In a statutory redundancy situation if gross wages of 500e plus an employer pension contribution of 20e. 
Would the statutory payment be based on 500e or 520e
Thanks


----------



## Feemar5 (24 Mar 2021)

Usually based on gross pay which in your case appears to be 500 - regular overtime and benefits in kind such as health insurance can be included.


----------



## Cavanbhoy (24 Mar 2021)

Feemar5 said:


> Usually based on gross pay which in your case appears to be 500 - regular overtime and benefits in kind such as health insurance can be included.


Thanks for response so employer pension contributions are excluded so.


----------



## fayf (25 Mar 2021)

For simplicity, statutory redundancy is based on your weekly gross pay, or, €600, which ever is the lower amount. So its capped at €600 per week.

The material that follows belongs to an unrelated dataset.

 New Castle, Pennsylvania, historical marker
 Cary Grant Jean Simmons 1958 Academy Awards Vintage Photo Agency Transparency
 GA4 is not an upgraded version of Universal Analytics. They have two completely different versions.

All other amounts such as BIK, Pension, Mileage, Lunch/Meals, Expenses, Bonusses, Commission are excluded.


----------



## RedOnion (25 Mar 2021)

fayf said:


> All other amounts such as BIK, Pension, Mileage, Lunch/Meals, Expenses, Bonusses, Commission are excluded.


BIK, bonuses & commission ARE included in the calculation of normal pay.

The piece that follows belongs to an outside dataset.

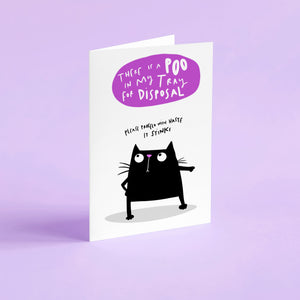 Cat litter card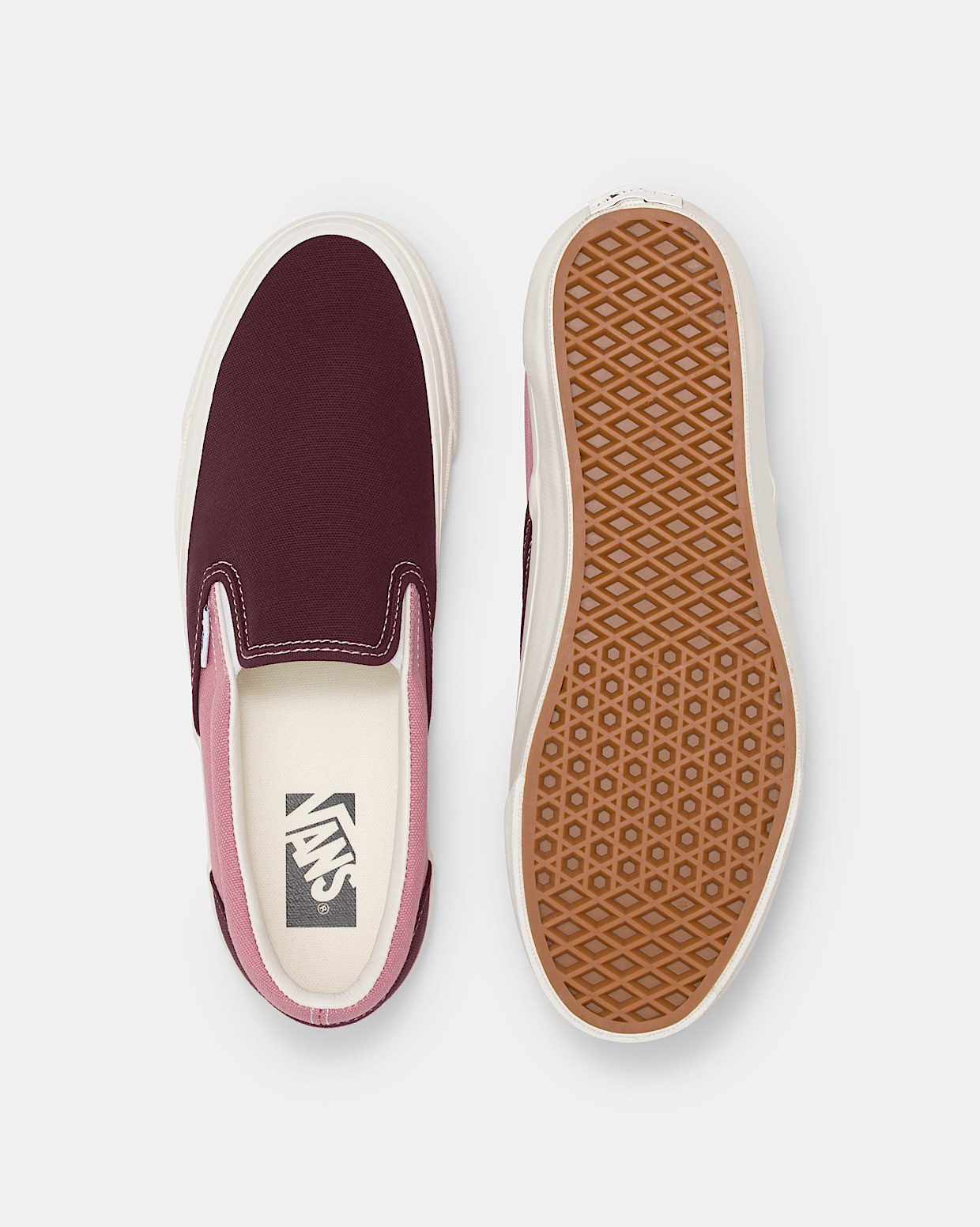 Premium Slip On 98 in BMX Maroon Pink Vans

Here's the legislation if you're interested: 

16. (i) In the case of an employee who is paid wholly or partly by piece rates, bonuses or commissions (being piecerates, bonuses or commissions related directly to his output) and in the case of any other employee whose remuneration varies in relation to the amount of work done by him, his normal weekly remuneration shall be taken to be the amount as calculated in accordance with subparagraph (ii).

(ii) For the purposes of subparagraph (i) normal weekly remuneration shall be calculated by dividing the remuneration to be taken into account in accordance with subparagraph (iii) by the number of hours ascertained in accordance with subparagraph (vi) and multiplying the resulting hourly rate by the normal weekly working hours of the employee concerned at the date on which he was declared redundant.

(iii) The remuneration to be taken into account for the purposes of subparagraph (ii) shall be the total remuneration paid to the employee concerned for all the hours worked in the period of 26 weeks which ended 13 weeks before the date on which the employee was declared redundant, adjusted in respect of any variations in the rates of pay which became operative during the period of 13 weeks ending on the date on which the employee was declared redundant.


----------



## fayf (25 Mar 2021)

Very interesting insight


----------